Simone,
Opinions may vary, but I do not think that the smoothness
estimate that SPM produces is equvalent to the true scanner
resolution.
The best way IMHO to measure your PET scanner resolution is
to run a point source phantom in a water matrix and measure
the FWHM based on your given reconstruction paramers. In
Pittsburgh we found the true reconstructed PET camera
resolution of an ECAT HR+ in 3D to be 7mm x 7mm x 4mm based
on a Hanning cutoff of 0.4 I think. I would have to look it
up I am going off of memory right now. see:
Meltzer CC. Kinahan PE. Greer PJ. Nichols TE. Comtat C.

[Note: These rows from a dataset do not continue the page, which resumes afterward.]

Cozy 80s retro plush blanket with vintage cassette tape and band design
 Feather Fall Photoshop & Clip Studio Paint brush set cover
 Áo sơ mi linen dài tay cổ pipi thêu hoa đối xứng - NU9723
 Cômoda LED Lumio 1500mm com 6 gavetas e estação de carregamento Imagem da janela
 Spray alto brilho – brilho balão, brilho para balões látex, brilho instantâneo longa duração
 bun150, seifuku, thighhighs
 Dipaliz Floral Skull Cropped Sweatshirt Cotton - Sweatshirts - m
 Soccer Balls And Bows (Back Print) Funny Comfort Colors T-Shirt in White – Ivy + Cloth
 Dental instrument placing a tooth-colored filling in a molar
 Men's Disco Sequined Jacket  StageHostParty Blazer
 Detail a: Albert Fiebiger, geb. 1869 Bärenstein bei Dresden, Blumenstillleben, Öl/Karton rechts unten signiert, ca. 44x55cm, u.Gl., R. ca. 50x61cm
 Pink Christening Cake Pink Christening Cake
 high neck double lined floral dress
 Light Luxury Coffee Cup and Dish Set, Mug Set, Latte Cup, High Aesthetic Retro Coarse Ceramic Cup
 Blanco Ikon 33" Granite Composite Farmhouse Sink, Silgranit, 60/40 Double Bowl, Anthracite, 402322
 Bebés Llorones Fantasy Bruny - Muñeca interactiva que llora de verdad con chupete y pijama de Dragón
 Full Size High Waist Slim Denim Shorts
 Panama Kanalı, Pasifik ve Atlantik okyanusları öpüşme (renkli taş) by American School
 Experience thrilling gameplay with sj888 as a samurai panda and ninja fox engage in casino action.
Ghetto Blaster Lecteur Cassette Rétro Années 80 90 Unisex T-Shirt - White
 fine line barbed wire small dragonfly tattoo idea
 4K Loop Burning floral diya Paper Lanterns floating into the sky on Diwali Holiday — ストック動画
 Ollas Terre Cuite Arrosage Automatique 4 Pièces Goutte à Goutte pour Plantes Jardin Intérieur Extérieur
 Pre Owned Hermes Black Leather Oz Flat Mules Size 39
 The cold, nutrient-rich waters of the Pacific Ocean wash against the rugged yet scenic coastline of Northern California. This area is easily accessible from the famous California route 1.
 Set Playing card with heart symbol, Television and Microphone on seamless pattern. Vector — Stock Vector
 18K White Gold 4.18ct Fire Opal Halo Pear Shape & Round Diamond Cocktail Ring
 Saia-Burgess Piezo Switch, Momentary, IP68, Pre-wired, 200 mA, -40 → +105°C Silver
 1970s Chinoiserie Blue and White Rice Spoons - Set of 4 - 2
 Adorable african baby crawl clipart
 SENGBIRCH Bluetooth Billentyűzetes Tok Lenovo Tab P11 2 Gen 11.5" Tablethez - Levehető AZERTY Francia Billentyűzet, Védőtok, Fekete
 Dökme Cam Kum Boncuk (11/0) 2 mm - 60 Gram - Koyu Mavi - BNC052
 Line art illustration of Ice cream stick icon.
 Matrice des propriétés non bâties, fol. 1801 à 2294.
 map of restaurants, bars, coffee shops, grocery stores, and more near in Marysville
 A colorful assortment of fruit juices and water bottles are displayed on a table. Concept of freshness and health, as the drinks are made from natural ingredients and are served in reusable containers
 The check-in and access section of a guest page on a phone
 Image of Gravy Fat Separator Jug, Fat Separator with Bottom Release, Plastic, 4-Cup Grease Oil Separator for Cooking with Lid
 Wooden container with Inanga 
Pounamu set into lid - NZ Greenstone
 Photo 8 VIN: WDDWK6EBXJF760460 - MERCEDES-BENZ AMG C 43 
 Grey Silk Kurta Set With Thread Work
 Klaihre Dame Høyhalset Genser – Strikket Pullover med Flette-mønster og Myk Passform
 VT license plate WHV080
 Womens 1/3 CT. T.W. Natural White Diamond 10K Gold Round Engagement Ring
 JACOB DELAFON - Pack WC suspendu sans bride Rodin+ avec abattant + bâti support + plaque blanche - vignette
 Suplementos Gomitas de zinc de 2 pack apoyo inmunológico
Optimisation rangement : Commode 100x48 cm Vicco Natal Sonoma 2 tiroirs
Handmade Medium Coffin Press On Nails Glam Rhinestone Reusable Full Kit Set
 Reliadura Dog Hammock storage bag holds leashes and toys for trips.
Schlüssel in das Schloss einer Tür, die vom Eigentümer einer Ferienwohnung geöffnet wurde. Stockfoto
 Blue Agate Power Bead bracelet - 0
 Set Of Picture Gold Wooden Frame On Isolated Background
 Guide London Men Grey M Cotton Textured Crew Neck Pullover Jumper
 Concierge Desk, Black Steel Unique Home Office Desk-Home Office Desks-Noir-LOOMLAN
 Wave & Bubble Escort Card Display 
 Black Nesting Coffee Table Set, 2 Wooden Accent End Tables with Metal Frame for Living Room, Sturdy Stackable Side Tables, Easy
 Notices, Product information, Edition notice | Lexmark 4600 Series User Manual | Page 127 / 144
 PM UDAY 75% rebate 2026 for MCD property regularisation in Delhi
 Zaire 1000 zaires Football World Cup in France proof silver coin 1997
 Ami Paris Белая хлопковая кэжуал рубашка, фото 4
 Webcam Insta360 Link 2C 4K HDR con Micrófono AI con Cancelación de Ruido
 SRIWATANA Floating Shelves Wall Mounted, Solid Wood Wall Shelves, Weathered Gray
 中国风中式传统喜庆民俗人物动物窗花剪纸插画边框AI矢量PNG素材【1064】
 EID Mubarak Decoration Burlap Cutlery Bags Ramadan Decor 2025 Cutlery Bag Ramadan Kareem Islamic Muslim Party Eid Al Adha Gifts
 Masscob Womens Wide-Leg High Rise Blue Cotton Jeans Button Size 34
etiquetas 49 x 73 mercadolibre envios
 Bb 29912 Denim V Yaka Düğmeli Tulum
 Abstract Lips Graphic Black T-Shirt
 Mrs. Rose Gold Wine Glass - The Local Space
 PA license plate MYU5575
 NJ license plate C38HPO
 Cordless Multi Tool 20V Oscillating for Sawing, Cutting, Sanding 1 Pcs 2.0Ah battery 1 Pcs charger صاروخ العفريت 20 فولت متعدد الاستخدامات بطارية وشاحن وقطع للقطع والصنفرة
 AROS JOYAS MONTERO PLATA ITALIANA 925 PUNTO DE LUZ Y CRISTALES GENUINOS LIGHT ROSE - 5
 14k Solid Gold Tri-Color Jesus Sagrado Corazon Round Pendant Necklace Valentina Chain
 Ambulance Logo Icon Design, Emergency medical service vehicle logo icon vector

Cantwell MN. Lin MP. Price JC. Comparative evaluation of
MR-based partial-volume correction schemes for PET. [
Journal Article] Journal of Nuclear Medicine. 40(12):2053-65,
1999 Dec.
I think the point source phantom is in there.
hope this helps.
Phil Greer
UPMC MR and PET Center
Pittsburgh PA
-----Original Message-----
From: [log in to unmask] <[log in to unmask]>
To: [log in to unmask] <[log in to unmask]>
Date: Thursday, July 12, 2001 9:53 AM
Subject: FWHM
>Dear SPM-ers,
>
>For our single subject PET data we are interested in the resolution of our
>'raw' images (e.g. camera resolution). We tried to obtain this raw FWHM by
>doing a statistical analyses on the images which are realigned but not
>normalised or smoothed (avoiding the introduction of extra smoothing by one
>of them) and read the FWHM from the spm output.
>
>As always, during the realignment, we created a 'mean image only'(I)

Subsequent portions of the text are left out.